Otto-Knapp’s work has also been included in many group exhibitions: Watercolour, Tate Britain, London (2011); The Artist's Institute, New York (2011); I must say that at first it was difficult work, Kunstall, Oslo (2010); Strange and Close, Van Abbe Museum, Eindhoven, 2009; and the 9th International Istanbul Biennial, 2005.Otto-Knapp’s recent solo exhibitions include Seascapes, Overduin and Kite, Los Angeles (2013); A light in the moon, Berkeley Art Museum, Berkeley (2011); Voyage Out, greengrassi, London (2011); Many many women, Kunstverein Munich (2010); Present Time Exercise, Modern Art Oxford (2009); Standing anywhere in the space in a relaxed position, Walter Phillips Gallery, Banff (2009); Love in a void (with Jutta Koether), Academy of Fine Arts, Vienna (2006); 50 ft Queenie, Tate Britain, London (2005); and Orange View, Kunstverein Dusseldorf (2003). In 2012, Otto-Knapp led the thematic residency at The Banff Centre, A PAPER A DRAWING A MOUNTAIN, with critic Jan Verwoert and guest artists Mark Leckey and Karl Holmqvist.
Walter J. Phillips
(1884 - 1963) was a celebrated and prolific watercolour painter and printmaker, contemporary to the Group of Seven artists. Phillips was influenced by Japanese landscape painting and woodcut style ukiyo-e – which translates as 'floating worlds' – evidenced in the flattened depth and bright colours of his work from the 1920s onward. His process primarily involved plein-air watercolor paintings, which he would later revision as woodcut prints in the studio. Studying with master print maker Yoshirigi Urushibara in England in 1924, Phillips learned to refine his technique and process, while adapting the Japanese style to the Western landscape. A prolific artist, Phillips produced over 200 prints and numerous watercolours with subjects ranging from landscapes and still-life to portraiture. He has also illustrated several books.

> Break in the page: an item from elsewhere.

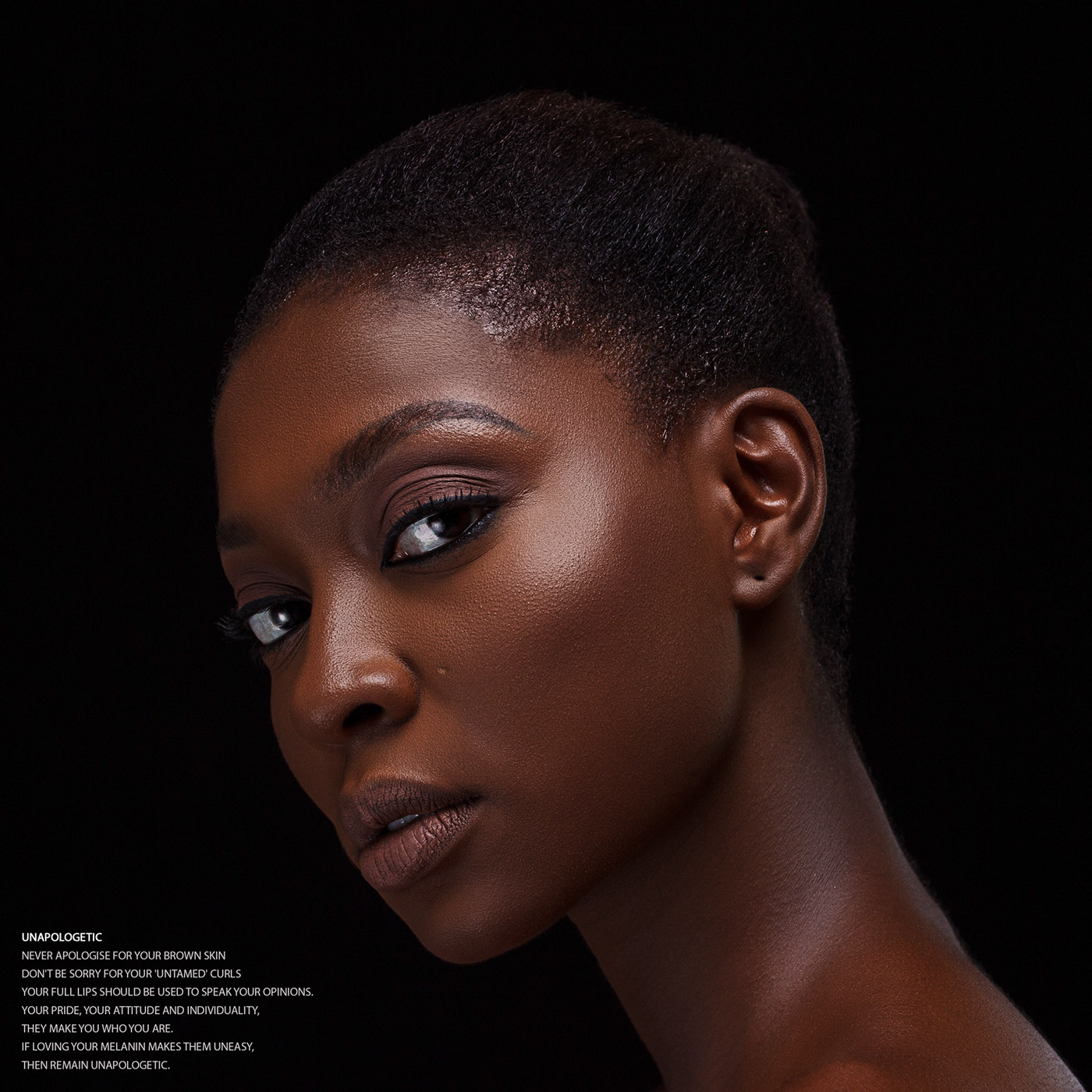 alfe alfestudios Photography  retouch melanin black natural beauty nigeria africa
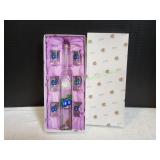 Slivovice Decanter w/ Glasses in Gift Box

Born in Barton-upon-Humber, England in 1884, Phillips immigrated to Winnipeg in 1913. Beginning in the 1940s, he taught at the Provincial Institute of Technology and Art, Calgary and spent summers at The Banff Centre teaching painting classes. From the 1930s to the 1950s, Phillips played a seminal role in the development of the Visual Arts program at The Banff Centre, the location of his namesake gallery. The flowering of printmaking on the western prairies can be attributed to Phillips's presence at both these schools.